La-La Land


There'll Always Be a California


What is going on out there? The tiny city of Maywood (1.2 sq. mi.), just southeast of downtown Los Angeles, made the national news when it recently fired all city employees and outsourced everything, from city hall staff to street crossing guards to maintenance workers to fire and police service. And the residents so far couldn't be happier.

“We don’t want to be the model for other cities to lay off their employees,” said Magdalena Prado, a spokeswoman for the city who works on contract. “But our residents have been somewhat pleased.”
Maywood's colorful history of municipal descent into Mad Max territory includes the conviction of a deputy city clerk for hiring a hit man to knock off a city councilman.

Although Maywood, like many American (and especially California) cities, has suffered from a dropoff in tax revenues, its biggest problem was its police force, which inspired so many lawsuits that the city was about to lose its liability insurance.
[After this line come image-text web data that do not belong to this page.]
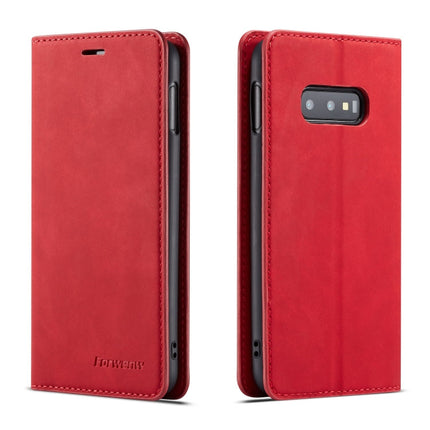 Forwenw Dream Series Oil Edge Strong Magnetism Horizontal Flip Leather Case with Holder & Card Slots & Wallet & Photo Frame, For Galaxy S9+, For Galaxy S10, For Galaxy S10+, For Galaxy S10e, For iPhone 6s / 6, For iPhone 6s Plus / 6 Plus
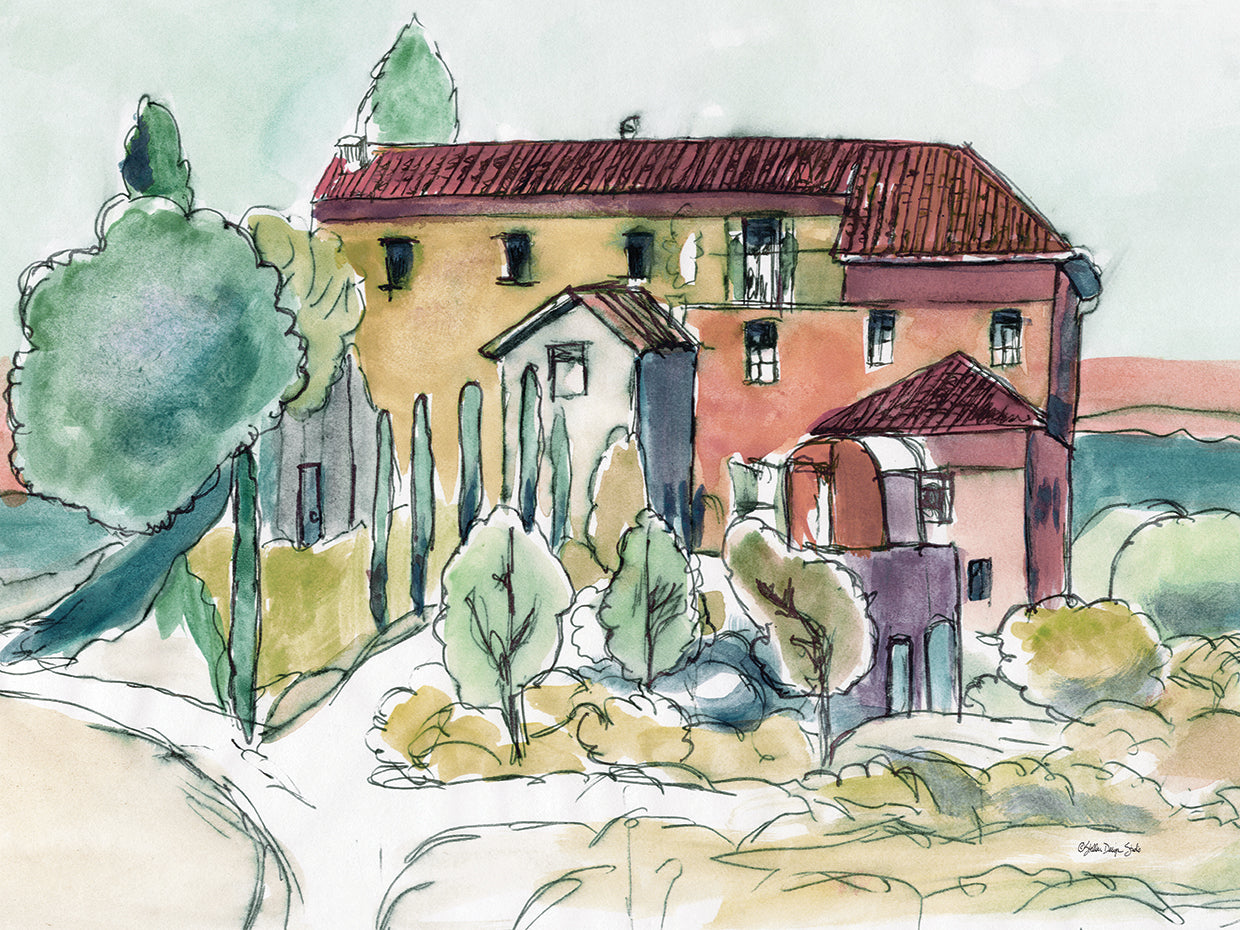 Tuscan Farmhouse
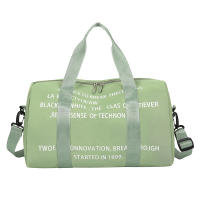 Yoga Fitness Bag Travel Bag Korean Fashion Sports Bag Outdoor Travel Dry and Wet Separation Bag Travel Luggage Bag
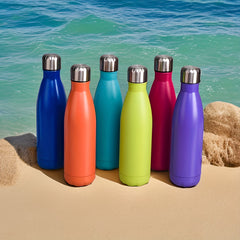 500ml Double Layer Stainless Steel Vacuum Cup Sports Water Car Gift
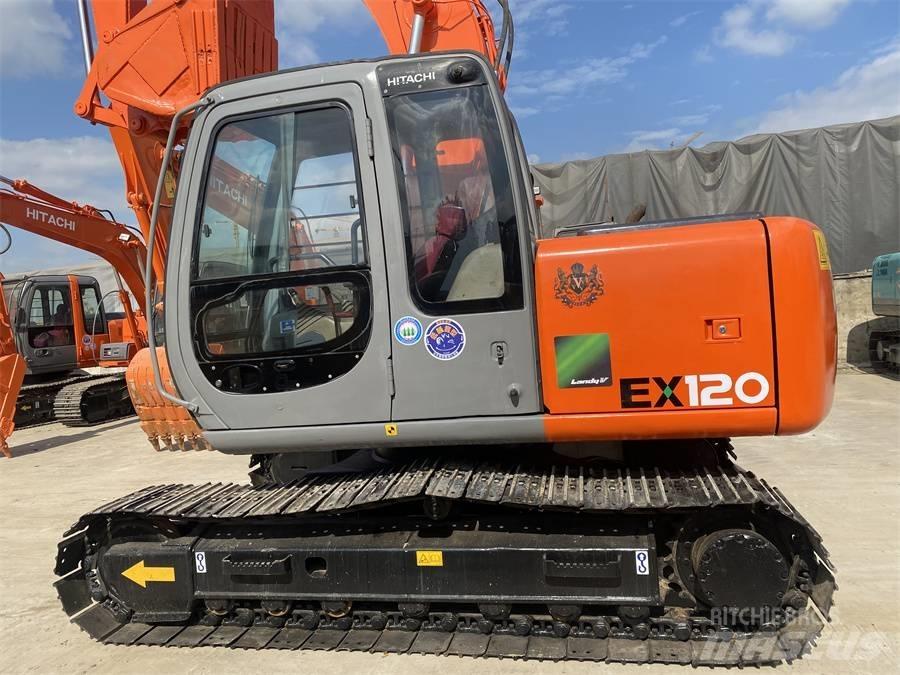 Hitachi EX120 Pelle sur chenilles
The police department's $8 million annual budget was eating up half the municipal funds. Police service now is being provided by contract with the Los Angeles County Sheriff's Department at half the price, a change that also allowed the insurance bill to drop from $1 million to $200,000. City hall staff are now provided by contract with a nearby small city:

an estimated 100 employees and contract with neighboring Bell, which will handle other city services such as finance, records management, parks and recreation, street maintenance and others. Maywood will be billed about $50,833 monthly, which officials said will save $164,375 annually.

The city of Bell has received its own unusual media attention this week. Local residents of this tiny working-class community (median income is about $40,000, and 65% of residents over 25 do not have a high school diploma) were startled to learn that their city officials were the highest-paid in the country. Bell's City Manager Robert Rizzo earns $787,637 a year. In comparison, President Obama makes $400,000, L.A. City and County's chief executives earn $338,000 and $257,000 respectively, and Governor Schwarzenegger declines to accept his $174,000 salary.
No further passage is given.